To me, creating something by hand is the most sincere, authentic form of expression. It's where focusing on the act of 'doing' and losing oneself in the moment happens the most naturally. (The paint fumes may also be partly to blame for that.)

I've found sign painting to be both restrained and liberating, complex and simple, tedious yet exciting - all in equal measure. It's genuinely difficult to master, yet those challenges encourage solutions that are inherently more honest and direct; freeing rather than stifling.

Aside from often intense physical and mental demands, sign painting involves a certain degree of physical danger. If it isn't from painting high up on the side of a building, it's from producing patterns (known as 'pouncing') using a high-voltage Electro Pounce machine. Not that I would know anything about being repeatedly shocked by this device. Nope. Not at all.

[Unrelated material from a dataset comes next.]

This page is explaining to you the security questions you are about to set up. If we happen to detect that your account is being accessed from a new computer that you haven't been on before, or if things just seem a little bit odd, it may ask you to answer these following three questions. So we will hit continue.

Ultimately, what's allowed me to keep at it has been the ease with which I was able to construct a rudimentary sign-painting studio at home. That led to building a more complete studio with fellow designer Jez Burrows in Facebook's Analog Research Lab, where we both continue to pursue the craft.

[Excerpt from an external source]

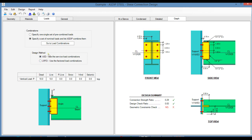The design method can be per ASD or LRFD. In any case, the required load is a vertical load P, which is the reaction of the beam. This is the shear that we are trying to resist with the connection.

Earlier this summer, that brought my outside interest back into my day-to-day work, through producing signs to support Facebook itself. Does that mean future opportunities? Maybe, though it's not something I'm focused on.

Instead, I've got a backlog of sign ideas and countless hours of practice strokes to pull first.

Words: Scott Boms

Scott Boms is a communication designer at Facebook.

This article originally appeared in net magazine issue 248.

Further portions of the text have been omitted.